Dragging himself and Carlos just a little further, Derrick soon found his fingers wrapped around the ankles of the Rookie firefighter.

“This way, Capt’n!  Hurry…she’s about to blow!” he yelled, helping Derrick to his feet.

Relying on the last drop of adrenaline left in his body, Derrick wrapped both arms around Carlos and ran for all he was worth!  Half-way across the parking lot, a tremendous explosion shook the ground beneath them.  An explosion that should have happened five minutes earlier…but didn’t.  Before the debris could even hit the ground, rescue crews were already performing mouth-to-mouth resuscitation and CPR on Carlos until he could be airlifted to a city hospital. Against all odds, with more medical treatment, the boy would make it!

Carlos’s mother ran toward Derrick; sitting now on the back bumper of an ambulance, holding an oxygen mask against his nose.  As he stood up, she flung her arms around him and spoke.

“Con tudo mi cora´zon, bombero!  Usted sera´ siempre mi he´roe!” she said.  (“You are forever in my heart, fireman.  You will always be my hero!”)

Though he could not comprehend her words, Derrick understood perfectly the tears flowing from this mother’s grateful heart.

“Mi He´roe!” she called out to him once more from her car, as she drove away towards the hospital.

Derrick smiled and waved back; more than grateful that the afternoon had ended on this note.

“Mi He´roe.  It means, ‘my hero.’  You’re that lady’s hero, Captain Kemp.  How does that make you feel?”  the Rookie asked.

Derrick thought for a moment.

“I suppose it’s ok to be looked upon as a hero for a short time but…being a hero is all about glory.  I’m a Fireman…I’m more concerned with saving lives.  It’s not just about what I do… it’s who I am.” he answered back.

The Rookie nodded his head in agreement, always surprised by Captain Kemp’s answers.

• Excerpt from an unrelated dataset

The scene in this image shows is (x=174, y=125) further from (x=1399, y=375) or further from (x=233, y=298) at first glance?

“When I step on this side of my badge,” Derrick continued,

I am faceless and nameless to most of the world… most of the time. No one cares who I am…just that I’ll be there when I am called. I constantly walk on a tight rope stretched between life and death.  I do it because I choose to. Finding balance… teetering there between promise and sacrifice is the most difficult thing a fireman ever has to do. Do you know what keeps me up there, Rookie?”

“No sir, Captain… what?” the Rookie answered, still listening intently.

“It’s the Spark…the Fire burning deep inside of here!” Derrick added, tapping his index finger over his own heart.

“The kind of passion powerful enough to drive a man into the flames, willing to risk it all in order to save the life of one.  It’s a Snapshot of Heaven, and I fully believe God nails it to the walls of every Fireman’s heart.” 

“I understand, Captain.  It’s like what you’ve been trying to tell me all along…it’s all about “Fighting fire with Fire!” the Rookie offered, tapping his finger over his own heart with a smile.


“Lead them like a Shepherd and carry them forever in Your Arms.”